この問題に関して、CAP定理と呼ばれる定理を聞いたことがあるだろうか。CAP定理とは、分散環境におけるデータに関する定理である。分散環境上のデータは一貫性(consistency)・可用性(availability)・分断体制(partition tolerance)の3つの性質により表現される。CAP定理の名前はこれら3つの性質の頭文字をとったものであり、CAP定理が主張するのは、これら3つの性質のすべてを同時に満たすことはできないということだ。これらの性質をシステムの特性に応じて取捨選択する必要があるのだが、それによってデータベースの扱い方も変わってくる。

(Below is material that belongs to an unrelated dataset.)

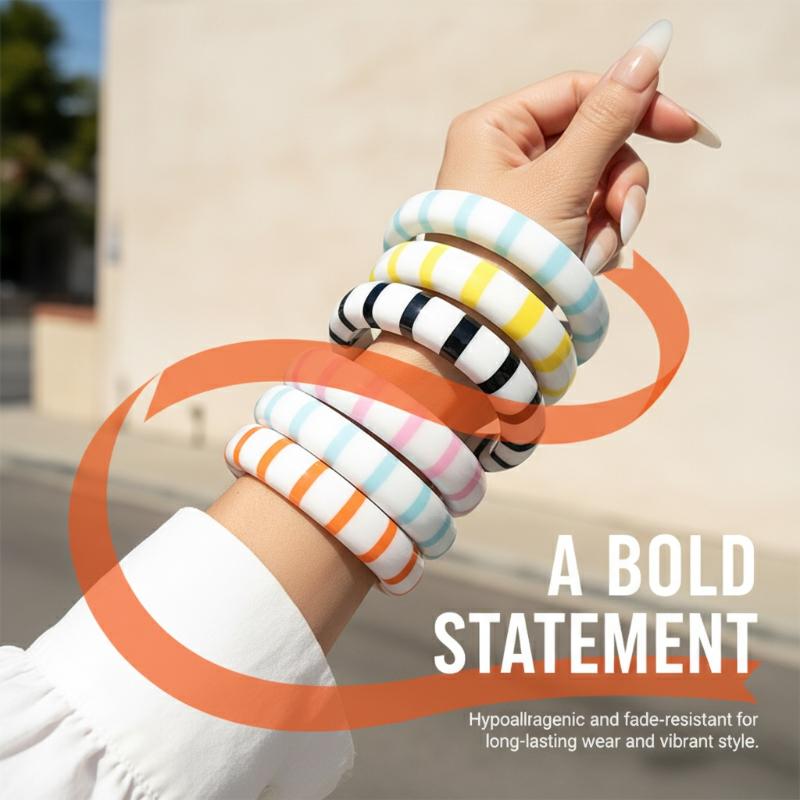 Color Block Resin Cuff Bracele - Leatherwork Jewelry recensie en prijs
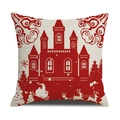 Housse de coussin de Noël en lin avec imprimé Père Noël et rennes rouges sur beige - 45x45cm (Housse Seule) / Style Père Noël et Château Rouge (22YM17-35)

例えばAmazon DynamoDBのようなキーバリュー型のデータベースを選択して、非構造化データを一次ソースにしたとしよう。アプリケーションを動かすにはこれが最適であったとしても、データ分析の枠組みでは構造化データであった方が良いかもしれない。なぜならデータ分析が要求するデータモデルの多くは、ベクトルや行列といった構造化データのようなデータ構造を要求するからだ。キーバリュー型のデータ構造から、分析に必要なデータ構造を取得するにはどのようなクエリを投げ、どのような前処理が必要になってくるのか。考えることは多い。
ここまでくると、エンジニアとマーケターの関係以上に、エンジニア内でも専門性が求められてくる。最終的なデータが欲しいのはマーケターであったとしても、専門性を持ったエンジニアが不在の状態では、とても必要なデータにたどり着くことはできない。データベースを適切に扱える人材がデータを取得し、それがマーケターまで遅延なしに届く環境が、データ分析をうまく運用するためのポイントとなってくる。
不幸を生まないための基盤
マーケティング部門がデータを自在に取り扱うということに対して、システム運用者はどのように思うだろうか。おそらく良い印象を抱かない。なぜなら業務を回すために設計されたシステムに対して、想定外の負荷を与えることに他ならないからだ。
しかし、攻めのデータ分析のためのデータは従来の“守り”ではなく、利益を生むためのデータなのである。よく言われるデータ分析基盤は、図1に示したような構成だ。まず各システムで集積されたデータあるいは外部から得たデータを変換し、集中管理するデータウェアハウス(DWH)に貯める。DWHからデータ分析システムに特化したデータマートを作成する。最近ではDWH自身の性能の向上から、データマートをスキップしてDWHから直接データを引き出す分析システムも珍しくない。そのどちらが良いかに関してはここでは議論しない。